Equities across the region have gained over the past two days after a troubled start to the week, as US central bank chiefs looked to address fears that record-low interest rates and bond-buying were in their final stages.
Traders were worried that the global recovery will increase inflation and force officials to act.
The Fed, which has consistently said recent inflation spikes were temporary and it will maintain its policy as long as the economy needs, last Wednesday suggested for the first time it could lift borrowing costs in 2023, a year earlier than initially targeted.
A number of top officials have tried to tame expectations over the past few days, which calmed the markets to some extent, but traders continue to be nervous.
On Wall Street, the Dow and S&P 500 ended slightly lower, though the Nasdaq closed the day at another record high.
In Asia, markets fluctuated, with Tokyo, Hong Kong, Singapore, Seoul, Taipei and Jakarta all rising but Sydney, Shanghai, Wellington and Manila dropped.
On Wednesday, a couple of Fed officials made their case for possibly tapering the bond-buying scheme by the end of this year.

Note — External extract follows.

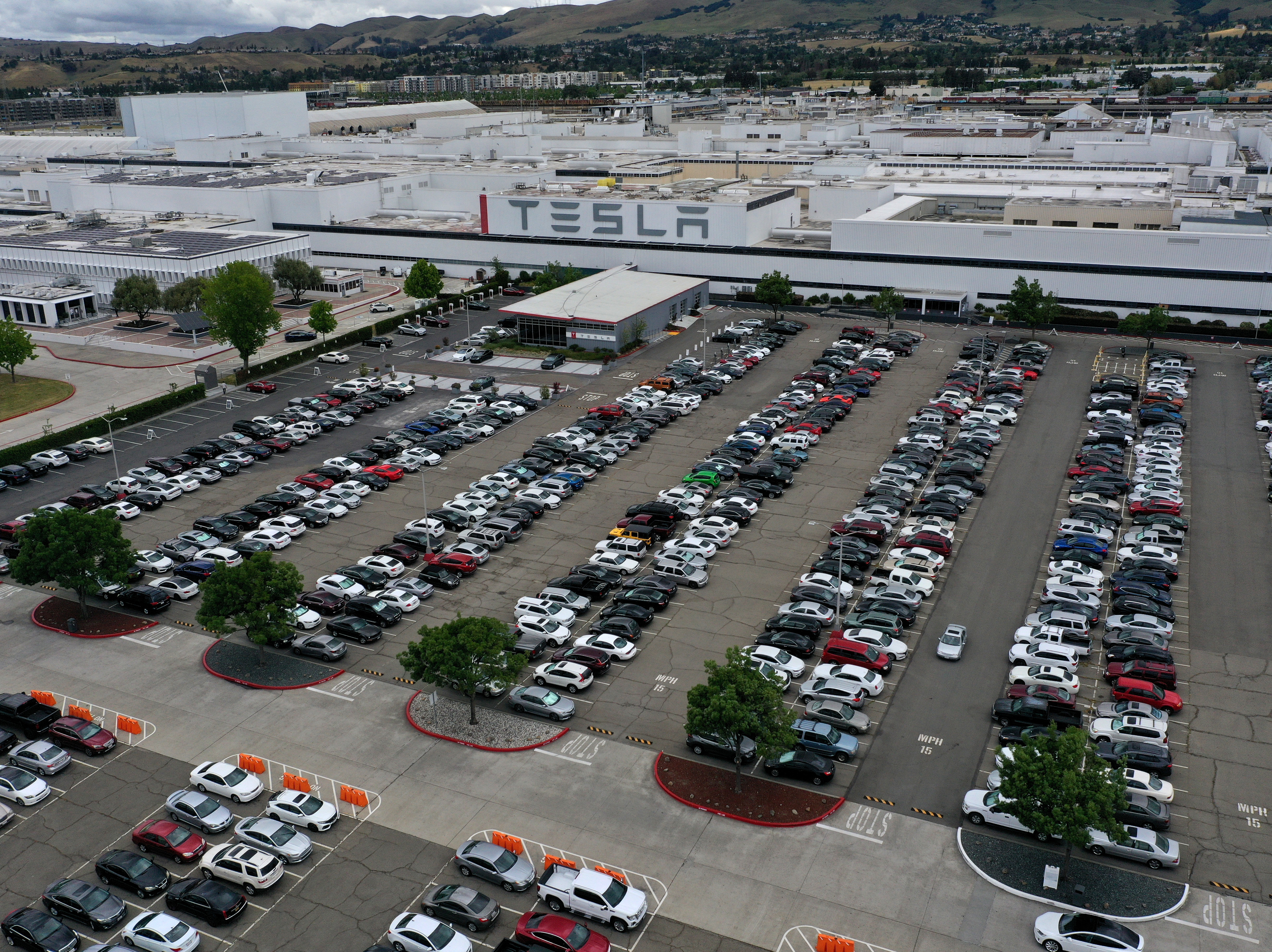caption: An aerial view of the Tesla factory in Fremont, Calif., in May. Gov. Gavin Newsom signed an executive order on Wednesday that bans the sale of new gasoline-powered vehicles in the state by 2035.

Dallas Fed chief Robert Kaplan saw rate hikes as early as next year owing to the strong economic recovery and a wind-down of bond-buying soon.
As we make substantial further progress, which I think will happen sooner than people expect. I think we’d be far better off, from a risk-management point of view, beginning to adjust these purchases of Treasuries and mortgage-backed securities, he told Bloomberg News.
Beginning the taper earlier would provide more flexibility on future rate increases, he said.
He forecast inflation to hit 3.4 percent this year and 2.4 percent next year. The Fed’s official target is two percent.
Meanwhile, Atlanta Fed boss Raphael Bostic suggested a slowdown in bond-buying in the next few months while he predicted a rate hike next year and two in 2023.
National Australia Bank’s Tapas Strickland said that while there appeared to be no major reaction to Bostic’s comments, his move from dove to slightly hawkish should be noted and suggests a 2022 hike is a real possibility if the data makes a case for it.
Still, OANDA’s Edward Moya added: The Fed is still far away from substantial progress with the labour market, so Wall Street should not expect any tapering announcement until after summer is over.